Monday, October 29, 2007

Pumpkin Cookies

This may seem a little odd, but trust me these are very good, soft, squishable cookies that taste great.

Oven to 350, yield approximately 20 cookies.

2c flour
1c oats
1tsp baking soda
1tsp cinnamon
1/2 tsp salt

3/4c butter or shortening
1c white sugar
1c brown sugar

1 egg
1tsp vanilla
1c packed solid pumpkin
1c chocolate chips
1/2 cup finely chopped walnuts (or similar nuts)

Combine flour, oats, baking soda, cinnamon, and salt.
Cream butter, adding in sugars. Beat until light and fluffy. Add egg and vanilla and mix well.
Alternate additions of dry ingredients and pumpkin mixing well each time. Stir in chips or nuts (or both or none). Dough should be very sticky.
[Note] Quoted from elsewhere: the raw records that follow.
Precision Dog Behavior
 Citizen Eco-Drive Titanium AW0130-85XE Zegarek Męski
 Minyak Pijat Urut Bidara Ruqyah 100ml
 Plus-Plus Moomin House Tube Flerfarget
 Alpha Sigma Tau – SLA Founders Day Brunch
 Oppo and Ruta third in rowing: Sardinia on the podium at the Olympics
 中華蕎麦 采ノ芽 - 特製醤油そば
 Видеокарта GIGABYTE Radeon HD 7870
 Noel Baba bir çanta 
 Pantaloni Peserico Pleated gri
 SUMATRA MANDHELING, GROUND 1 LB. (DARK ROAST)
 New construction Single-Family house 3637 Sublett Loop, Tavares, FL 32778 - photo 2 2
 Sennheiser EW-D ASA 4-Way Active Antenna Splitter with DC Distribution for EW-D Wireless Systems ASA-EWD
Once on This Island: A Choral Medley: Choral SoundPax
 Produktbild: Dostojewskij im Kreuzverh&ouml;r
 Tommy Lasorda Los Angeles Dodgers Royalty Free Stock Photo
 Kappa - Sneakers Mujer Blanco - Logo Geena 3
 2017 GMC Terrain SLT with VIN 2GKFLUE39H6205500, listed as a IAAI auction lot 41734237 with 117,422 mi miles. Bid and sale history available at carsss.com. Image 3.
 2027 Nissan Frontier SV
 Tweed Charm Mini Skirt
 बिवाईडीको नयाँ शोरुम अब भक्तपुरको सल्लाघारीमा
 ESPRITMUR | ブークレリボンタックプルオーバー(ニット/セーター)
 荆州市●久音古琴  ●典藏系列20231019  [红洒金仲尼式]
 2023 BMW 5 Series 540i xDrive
Each cookie should be about 1/4 cup of batter placed (non flattened) on lightly greased cookie sheet.
Bake 15-25 minutes or until lightly brown and firm.
Cool on racks.

Wednesday, October 24, 2007

Cheese Ball

Taken from my mother's original post.

1# grated cheddar, preferably sharp
1# cream cheese
1 envelope Hidden Valley Ranch dry dressing mix

Blend thoroughly.
Shape into 1 large or 2 small balls.
Roll in ground pecans.

Serve with crackers or vegetable slices.


This recipe was given to me by Maria- it's the one used by her Italian grandmother.

2 1/2 cups white flour
2 teaspoons baking powder
1/4 teaspoon salt

1/4 cup butter
1 cup sugar
3 eggs
1 tablespoon almond extract

Preheat oven to 350.
Grease and flour a cookie sheet.

Beat together the butter and sugar- add eggs and almond extract, beat thoroughly.

Add dry ingredients- beat until blended.

Spread on the cookie sheet in 2 ovals approximately 5"x11"

Bake for 20 minutes- until they are slightly golden brown.

Cut into 1" thick slices, and bake again- about 15 minutes.

The almond extract can be replaced with anise.
The biscotti can be dipped in melted bittersweet or milk chocolate before being allowed to cool.

Carrot Soup

Copied from Erin's original recipe.

1 large onion, chopped
1 tablespoon butter
1 tablespoon olive oil
3-5 cloves of garlic, pressed
2 pounds of carrots, peeled and chopped
1 potato, peeled and chopped
4 cups chicken stock
1/4 cup fresh dill, chopped
1 teaspoon salt
1/4 teaspoon pepper
1/2 cup cream

Saute onion in oil and butter until tender.

Add garlic, carrots, and potato, and cook for an additional 15-20 minutes, or until some of the pieces begin to brown.

Add chicken stock and bring to a boil. reduce heat and simmer for 30-40 minutes.

Remove from heat and puree.

Stir in dill, salt, pepper, and cream. Warm soup before serving.

Makes approximately 2 quarts of soup.


3 cups water
2 cups sugar

2 cups of strong black tea
1 can of frozen orange juice, diluted to make 3 cups of liquid
1 cup of lemon juice
1 quart apple cider (the kind you get in the produce section)
1 teaspoon whole cloves
1 stick cinnamon

Make a syrup of the sugar and water.

Add remaining ingredients and heat on low (do not boil) for 20-60 minutes.

Tuesday, October 23, 2007

Rachel's Potato Soup

1 large onion, chopped
2-3 stalks of celery, chopped

Saute in a bit of olive oil until soft, then add 3-5 cloves of garlic, pressed.

then add:
5-7 large potatoes, peeled & chopped
2 cups of water
3 teaspoons clam-flavored Better Than Bouillon

Cook on medium-low heat until the potatoes are cooked, stirring occasionally.

When potatoes are soft, add 3-4 cups of milk.

In a small bowl, whisk 1/2 cup of white flour with 1 cup milk. Add to the soup and stir well.

Add parsley and pepper to taste.
Add 2 tablespoons of butter, and stir until melted.

If desired, add 3-4 cans of clams.

Makes approximately 5 quarts of soup.